■ Task goal
Because the copy must hold no pictures, return the data below with all of its words intact.

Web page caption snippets

====================

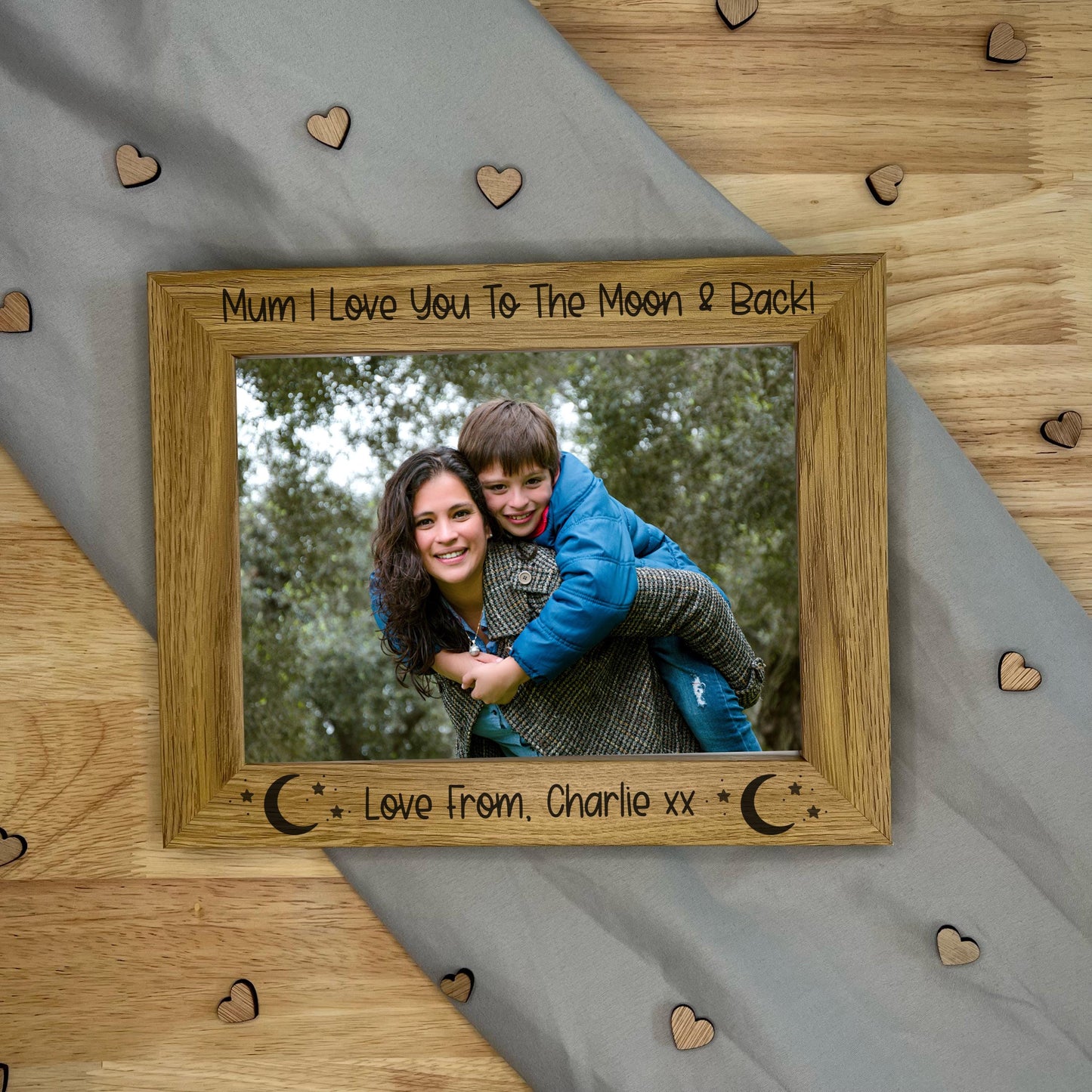 Mum I Love You To The Moon & Back Personalised Photo Frame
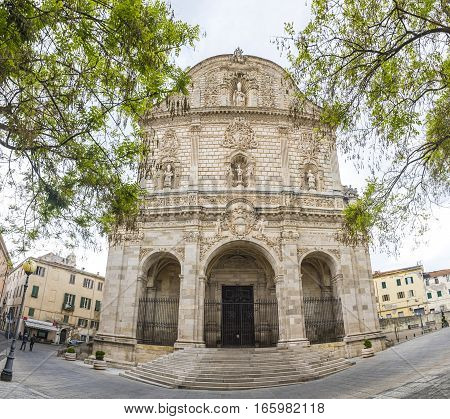 Facade view of San Nicola Cathedral (Duomo) in Sassari Sardinia Italy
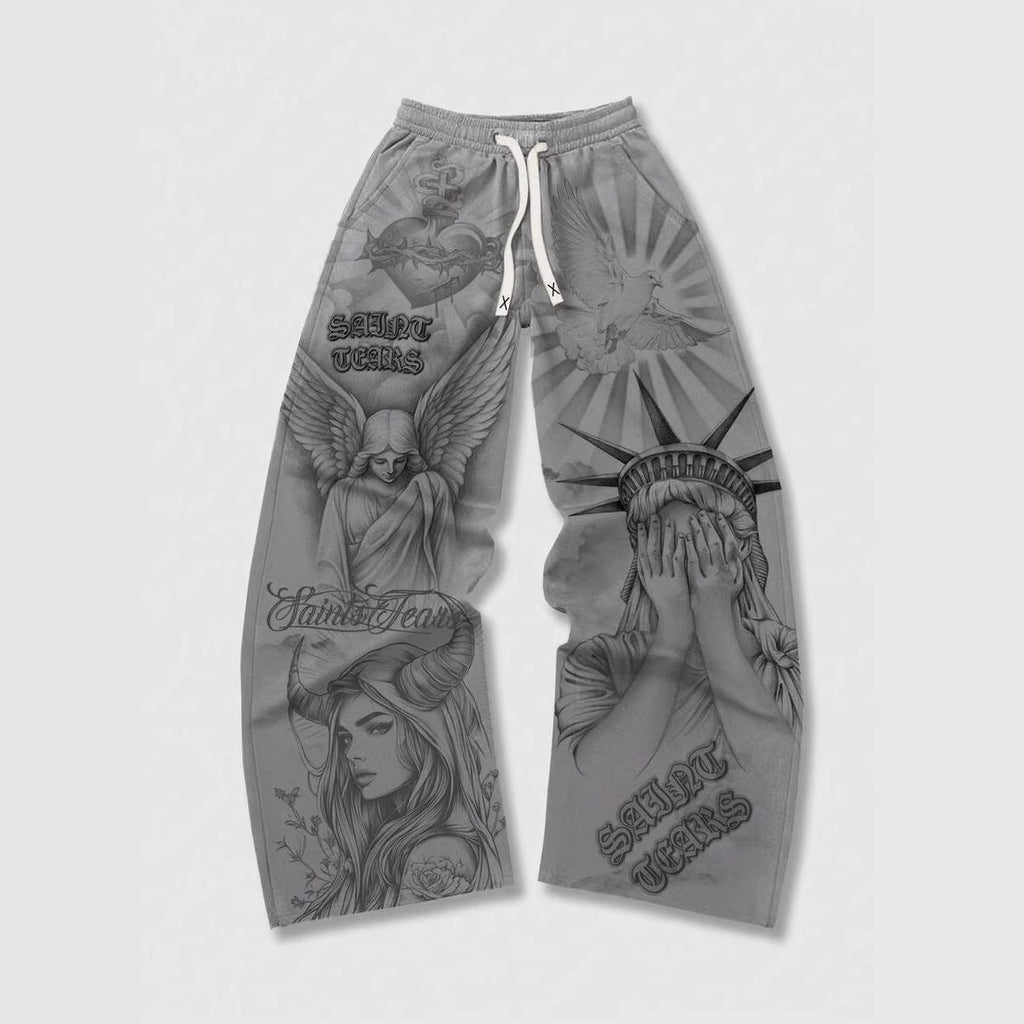 Retro Letter Print Mens Loose Casual Pants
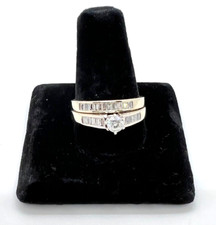 Diamond Engagement Ring Set 14kt White Gold Size 9.75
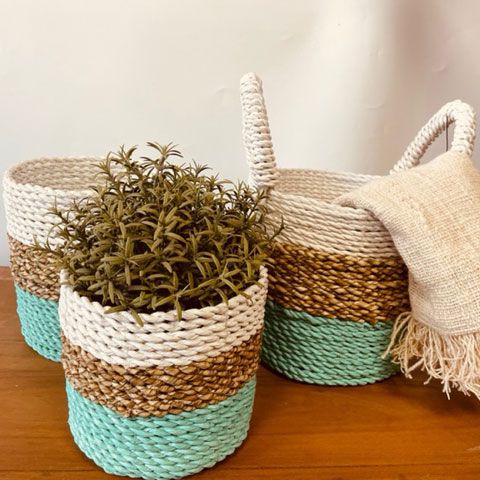 Juego de cestas de algas marinas - Verde/Natural/Blanco - Imagen 6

====================

■ Result for this task
 Mum I Love You To The Moon & Back Personalised Photo Frame
 Facade view of San Nicola Cathedral (Duomo) in Sassari Sardinia Italy
 Retro Letter Print Mens Loose Casual Pants
 Diamond Engagement Ring Set 14kt White Gold Size 9.75
 Juego de cestas de algas marinas - Verde/Natural/Blanco - Imagen 6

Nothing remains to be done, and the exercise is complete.